EXERCISE:
Skip every picture, and copy exactly the lines from the one containing "Vintage Godzilla 1968" to the end of the data.

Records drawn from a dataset

--------------------

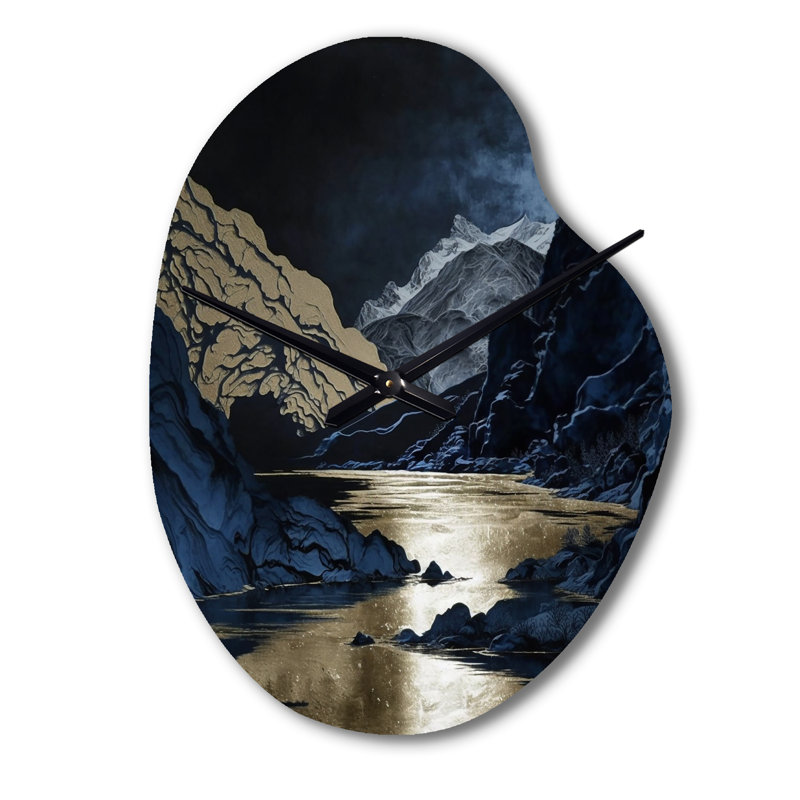 Or givré rivière et montagne III - horloge asymétrique traditionnelle en métal, horloge murale bleue, Petit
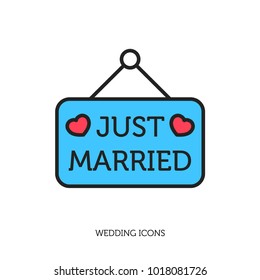 Just Married Sign Icon
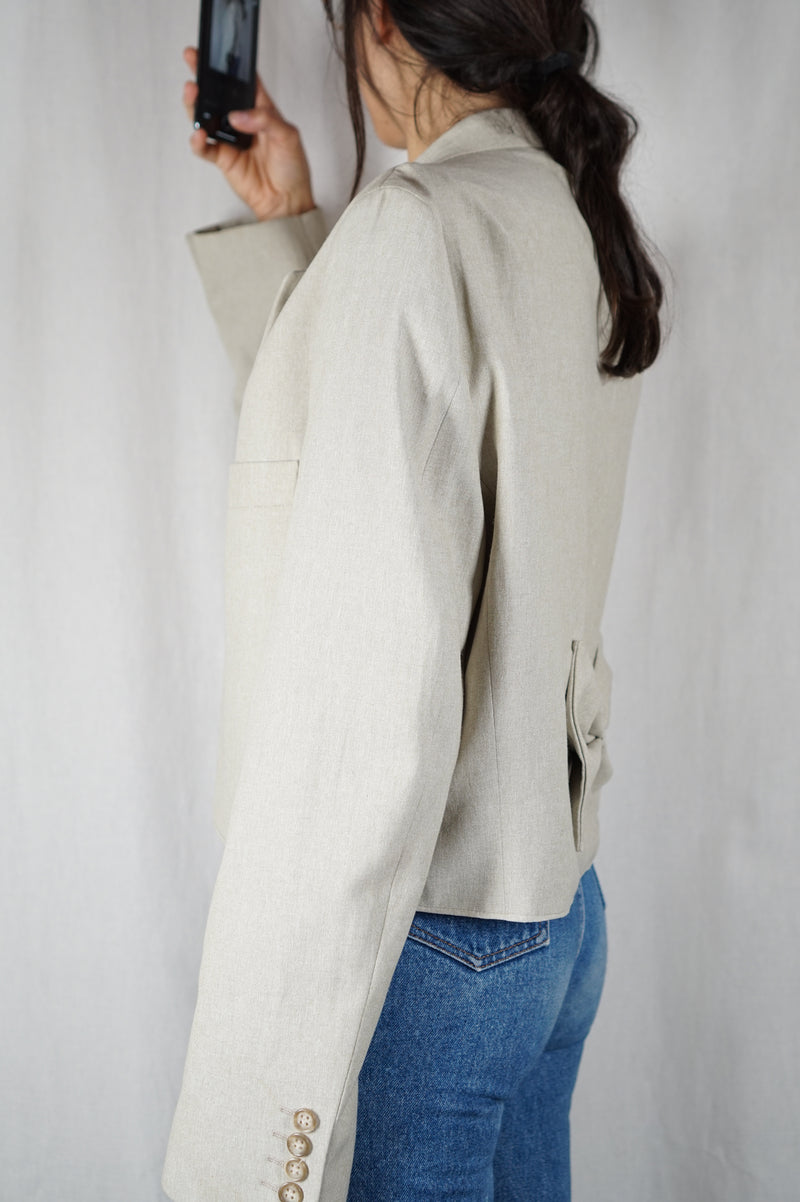 La Veste à Noeud sable chiné - Pièce unique faut le voir porté © - T. 42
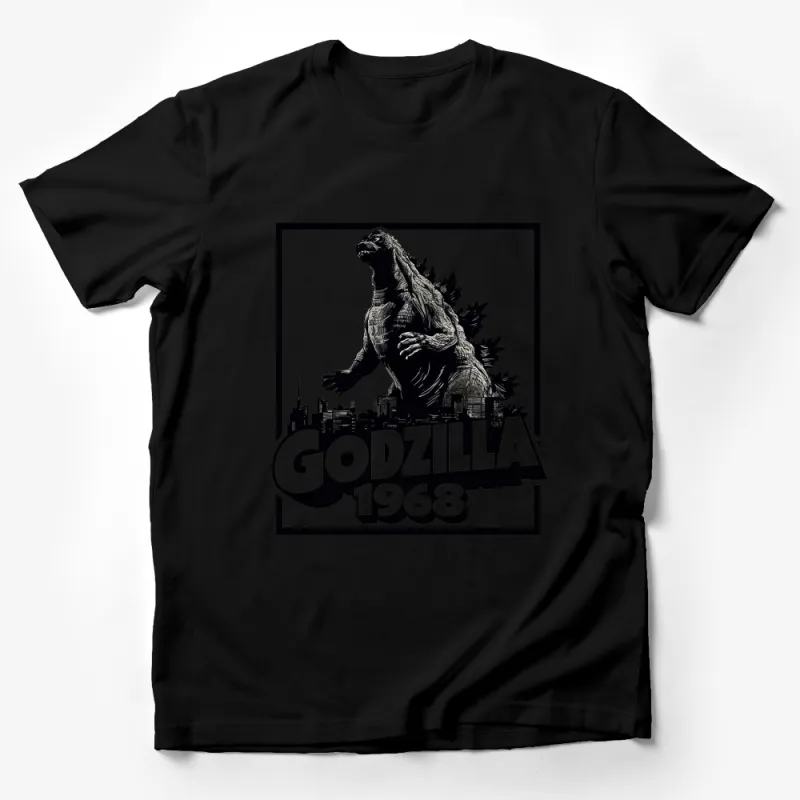 Vintage Godzilla 1968 T-Shirt, Classic Monster Movie Fan Tee, Retro Graphic Black Shirt, Unique Gift for Film Buffs Male T-Shirt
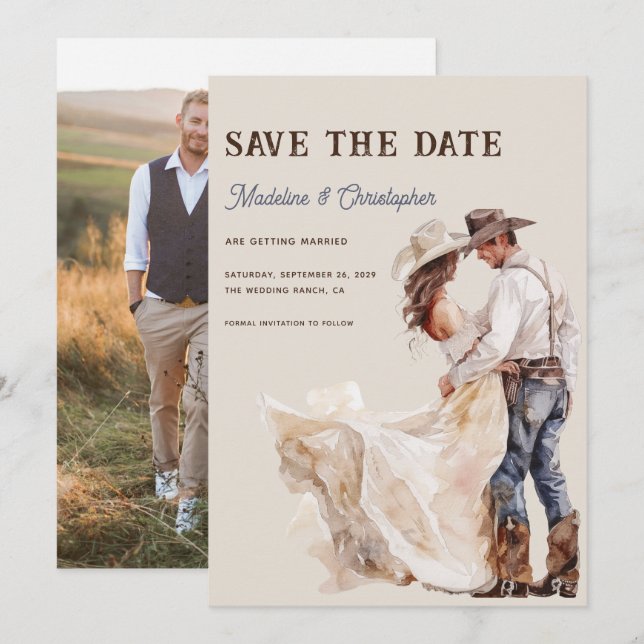 Invitación Boda Oeste Ranch Boho Foto Guardar la Fecha (Anverso / Reverso)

--------------------

OUTPUT:
 Vintage Godzilla 1968 T-Shirt, Classic Monster Movie Fan Tee, Retro Graphic Black Shirt, Unique Gift for Film Buffs Male T-Shirt
 Invitación Boda Oeste Ranch Boho Foto Guardar la Fecha (Anverso / Reverso)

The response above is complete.